在使用训练数据集中的图像训练目标检测模型之后,使用测试数据集中的剩余 25 个图像来评估该模型在它以前从未见过的新数据上的性能。
由于默认批次大小为 64,因此只需一个步骤即可遍历测试数据集中的 25 个图像。
评估指标与 COCO 相同。
model.evaluate(test_data)
1/1 [==============================] - 6s 6s/step {'AP': 0.1919611, 'AP50': 0.34319812, 'AP75': 0.1862729, 'APs': -1.0, 'APm': 0.3241761, 'APl': 0.1923377, 'ARmax1': 0.16314393, 'ARmax10': 0.3077774, 'ARmax100': 0.35298797, 'ARs': -1.0, 'ARm': 0.55, 'ARl': 0.35037425, 'AP_/Baked Goods': 0.008910891, 'AP_/Salad': 0.5489583, 'AP_/Cheese': 0.15109558, 'AP_/Seafood': 0.05949282, 'AP_/Tomato': 0.19134793}
第 5 步:导出为 TensorFlow Lite 模型
通过指定要将量化模型导出到的文件夹,将训练的目标检测模型导出为 TensorFlow Lite 格式。默认的训练后量化技术是全整数量化。
model.export(export_dir='.')
2022-08-31 02:23:43.606436: W tensorflow/python/util/util.cc:368] Sets are not currently considered sequences, but this may change in the future, so consider avoiding using them. 2022-08-31 02:24:08.865819: W tensorflow/core/common_runtime/graph_constructor.cc:803] Node 'resample_p7/PartitionedCall' has 1 outputs but the _output_shapes attribute specifies shapes for 3 outputs. Output shapes may be inaccurate. 2022-08-31 02:24:16.164308: W tensorflow/compiler/mlir/lite/python/tf_tfl_flatbuffer_helpers.cc:357] Ignored output_format. 2022-08-31 02:24:16.164355: W tensorflow/compiler/mlir/lite/python/tf_tfl_flatbuffer_helpers.cc:360] Ignored drop_control_dependency. fully_quantize: 0, inference_type: 6, input_inference_type: 3, output_inference_type: 0
第 6 步:评估 TensorFlow Lite 模型。
在导出为 TFLite 时,有几个因素可能会影响模型准确率:
- 量化有助于将模型大小缩小为原来的四分一直,但代价是准确率会略微下降。
- 原始 TensorFlow 模型使用每个类的非极大值抑制 (NMS) 进行后处理,而 TFLite 模型使用全局 NMS,速度快得多,但准确率较低。Keras 最多输出 100 个检测,而 Tflite 最多输出 25 个检测。
因此,您必须评估导出的 TFLite 模型,并将其准确率与原始 TensorFlow 模型进行比较。
model.evaluate_tflite('model.tflite', test_data)
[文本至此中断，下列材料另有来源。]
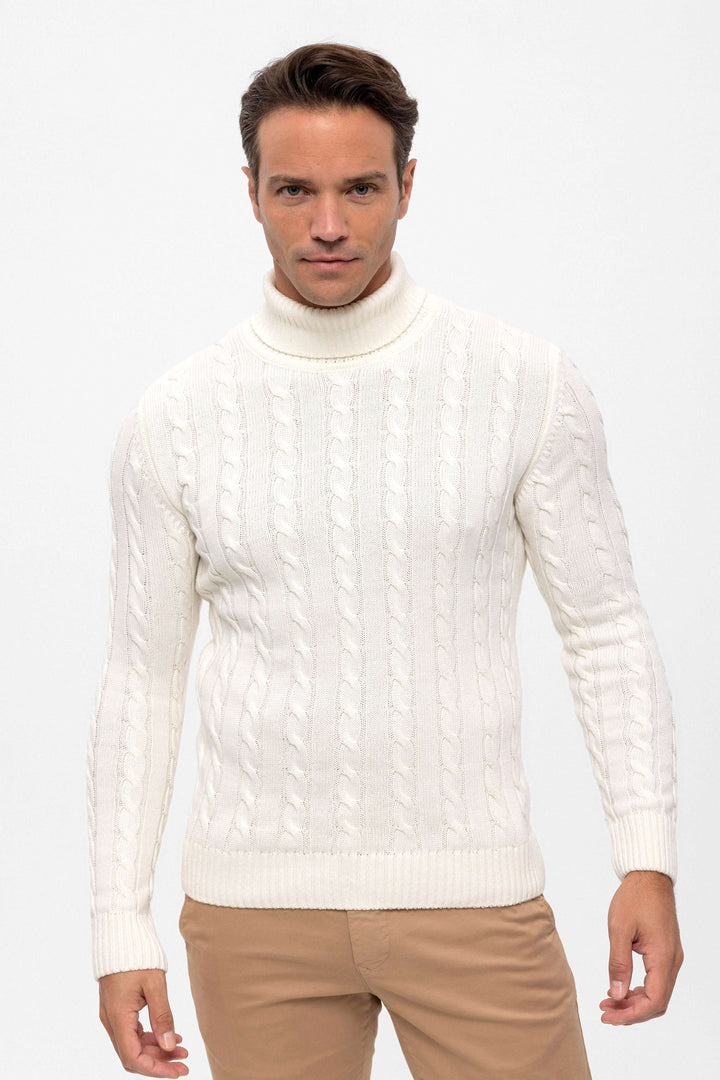 Cable Knit Turtleneck Long Sleeve Pullover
INFO: Created TensorFlow Lite XNNPACK delegate for CPU. 25/25 [==============================] - 67s 3s/step {'AP': 0.18182021, 'AP50': 0.31197006, 'AP75': 0.19087325, 'APs': -1.0, 'APm': 0.2809451, 'APl': 0.18239675, 'ARmax1': 0.14099042, 'ARmax10': 0.25025177, 'ARmax100': 0.26311275, 'ARs': -1.0, 'ARm': 0.34166667, 'ARl': 0.26235557, 'AP_/Baked Goods': 0.0, 'AP_/Salad': 0.5375744, 'AP_/Cheese': 0.14260961, 'AP_/Seafood': 0.05841584, 'AP_/Tomato': 0.17050114}
您可以使用 Colab 的左侧边栏下载 TensorFlow Lite 模型文件。右键点击 model.tflite
文件,然后选择 Download
将其下载到本地计算机。
可以使用 TensorFlow Lite Task Library 的 ObjectDetector API 将此模型集成到 Android 或 iOS 应用中。
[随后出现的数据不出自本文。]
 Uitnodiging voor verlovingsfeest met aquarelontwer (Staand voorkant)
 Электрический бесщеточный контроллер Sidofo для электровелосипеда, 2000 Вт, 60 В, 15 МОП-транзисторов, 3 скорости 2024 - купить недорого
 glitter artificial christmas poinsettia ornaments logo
有关如何在工作应用中使用模型的更多详细信息,请参阅 TFLite 目标检测示例应用。
注:Android Studio Model Binding 目前还不支持目标检测,请使用 TensorFlow Lite Task Library。
(可选)在您的图像上测试 TFLite 模型
您可以使用互联网上的图像测试训练后的 TFLite 模型。
- 将下面的
INPUT_IMAGE_URL
替换为所需的输入图像。 - 调整
DETECTION_THRESHOLD
以更改模型的灵敏度。较低的阈值意味着模型将拾取更多对象,但也会有更多的错误检测。与此同时,更高的阈值意味着该模型将只拾取它确信检测到的对象。
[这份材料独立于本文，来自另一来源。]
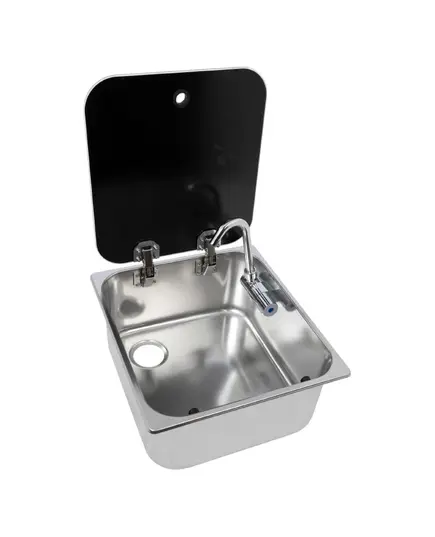 Rectangular Sink - 352×322mm with Glass Cover & Water Tap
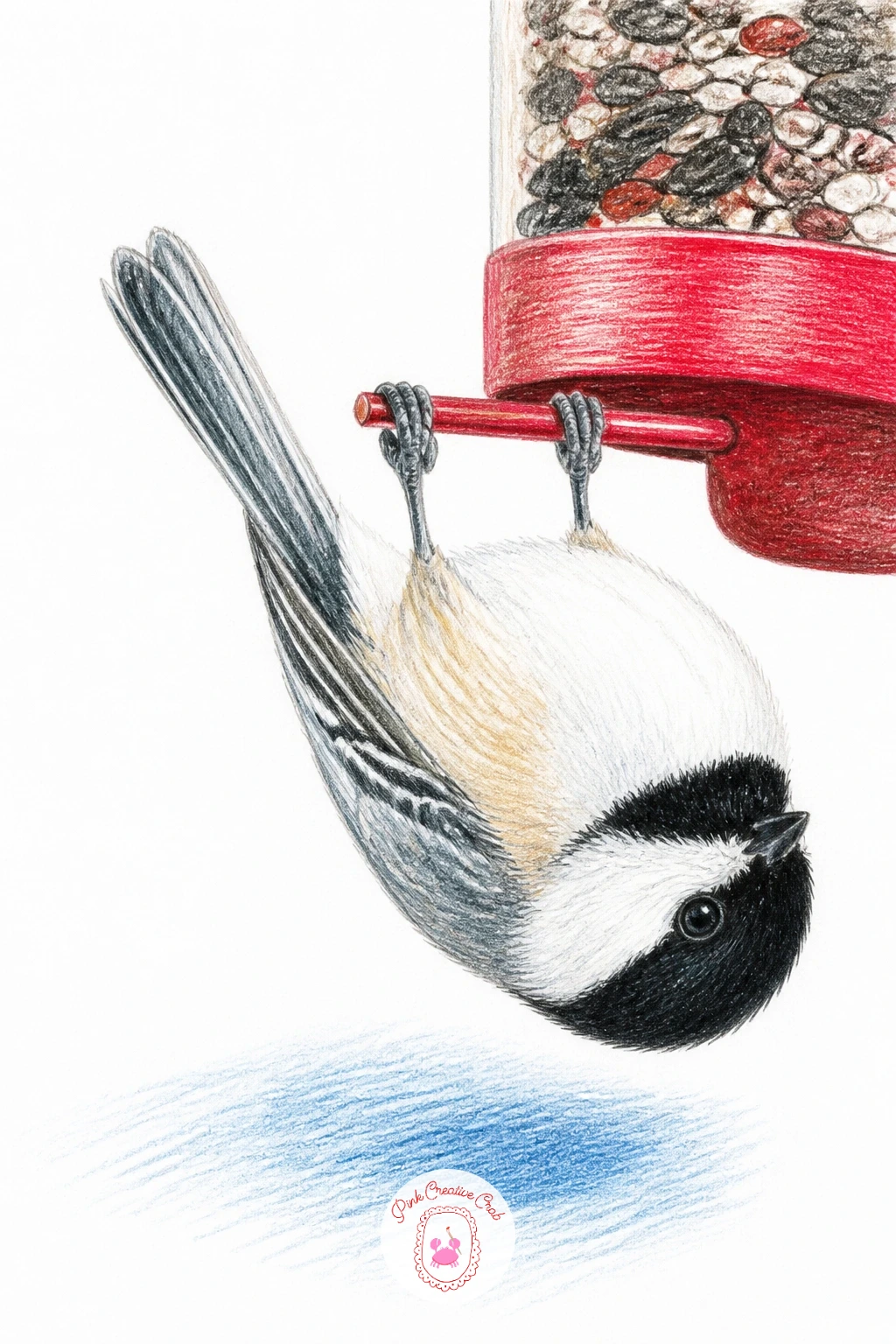 Upside Down Chickadee On Feeder — Start with a chickadee, since its round body and oversized head make it the friendliest bird to draw first. Birds drawing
尽管目前需要一些样板代码才能在 Python 中运行模型,但将模型集成到移动应用中只需要几行代码。
Load the trained TFLite model and define some visualization functions
import cv2
from PIL import Image
model_path = 'model.tflite'
# Load the labels into a list
classes = ['???'] * model.model_spec.config.num_classes
label_map = model.model_spec.config.label_map
for label_id, label_name in label_map.as_dict().items():
classes[label_id-1] = label_name
# Define a list of colors for visualization
COLORS = np.random.randint(0, 255, size=(len(classes), 3), dtype=np.uint8)
def preprocess_image(image_path, input_size):
"""Preprocess the input image to feed to the TFLite model"""
img = tf.io.read_file(image_path)
img = tf.io.decode_image(img, channels=3)
img = tf.image.convert_image_dtype(img, tf.uint8)
original_image = img
resized_img = tf.image.resize(img, input_size)
resized_img = resized_img[tf.newaxis, :]
resized_img = tf.cast(resized_img, dtype=tf.uint8)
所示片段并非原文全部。